It’s been a year since we launched our AI Lab to drive and shape innovation within the AI field. Among all, we pay attention to give back to the community by sharing our works at top machine learning conferences.
That is why we were particularly proud to have 5 papers presented at the ICML conf in Long Beach, as well as a workshop that we co-chaired. As a flagship of the research work carried out at Criteo, this selection highlights both the quality and diversity of the academic works that have been done. This article sums up the key learnings from each paper, enjoy and feel free to share your comments.
Learning to bid in revenue maximizing auctions
Thomas Nedelec, Noureddine El Karoui, and Vianney Perchet
One of the key components of computational advertising is to bid to win ad opportunities since most of online placements are sold through an auction mechanism. The paper of Thomas Nédélec et al. shows that one can leverage machine learning techniques and a variational approach for learning optimal bidding strategies against any smart data-driven selling mechanism. One important aspect of this work is that it mixes theoretical results and experimental analyses. Indeed, they first derive the objective that buyers should optimize for when sellers are also optimizing their strategies. Their experiments give them the chance to play with deep learning framework and autograd python packages to learn their mechanism. The strategies yield to very large uplifts for the buyers. What I really like about this paper is that not only he got accepted to one of the best ML conferences, but it will create business value for the company.

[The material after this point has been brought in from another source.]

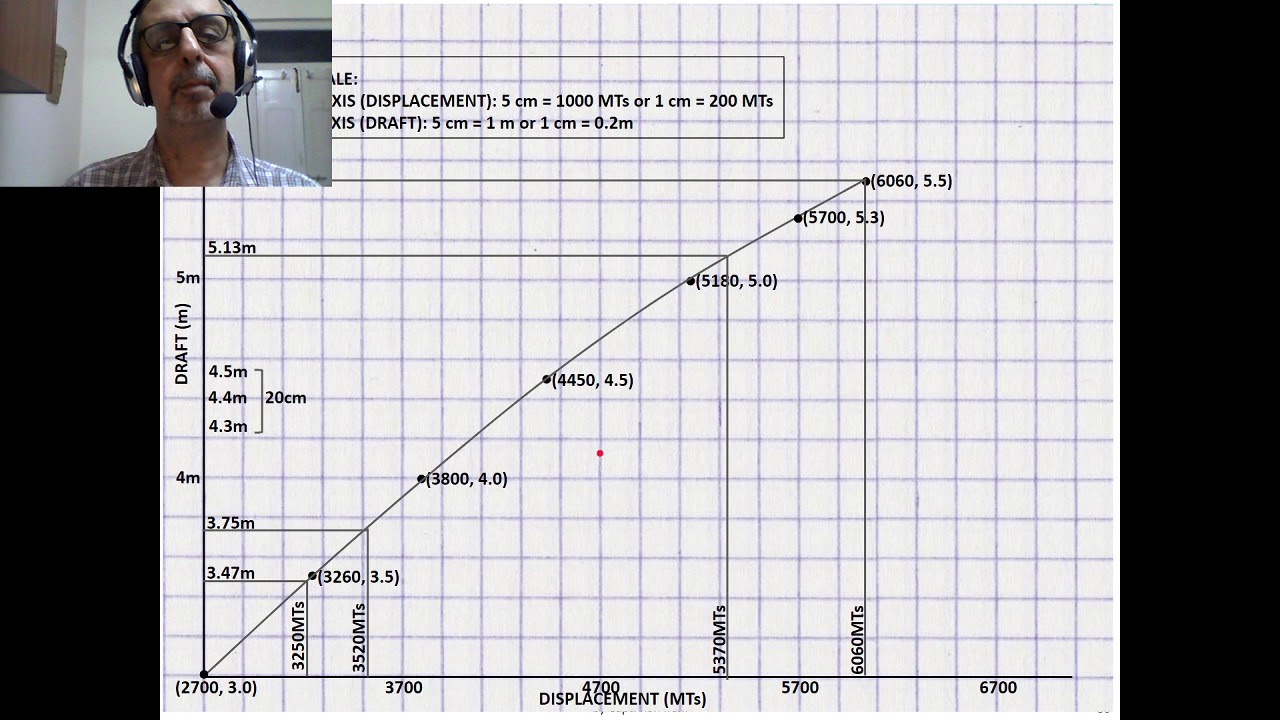 Graph 2__Draft vs Displacement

Exploiting structure of uncertainty for efficient matroid semi-bandits
Pierre Perrault, Vianney Perchet and Michal Valko
Once again, computational advertising makes heavy uses of bandit theory as it allows to model interactions between personalized recommendation and rewards (clicks). In his work, Vianney Perchet and his co-authors address the issue of making combinatorial bandits efficient. By exploiting submodular optimization and underlying tools like matroids and specific knowledge on the structure of the rewards, they propose an algorithm that is still optimal in term of asymptotic regret while being efficient compared to the current state of the art. Algorithm efficiency is key regarding the scale and complexity of Criteo’s data and many research and engineering efforts are dedicated to making technology fast and responsive.
Screening rules for Lasso with non-convex regularizers
Alain Rakotomamonjy, Gilles Gasso and Joseph Salmon
In the same context of developing fast and scalable machine learning algorithms, in collaboration with external colleagues, I have proposed an approach for making non-convex Lasso solvers more efficient. The problem we address stems from the compromise between better statistical properties induced by non-convex regularizers in the Lasso and the hardness of solving a non-convex learning problem. We have introduced a test that is able to identify useless variables in the model. We can apply this test anytime during the learning process and then safely remove those variables without altering the final solution.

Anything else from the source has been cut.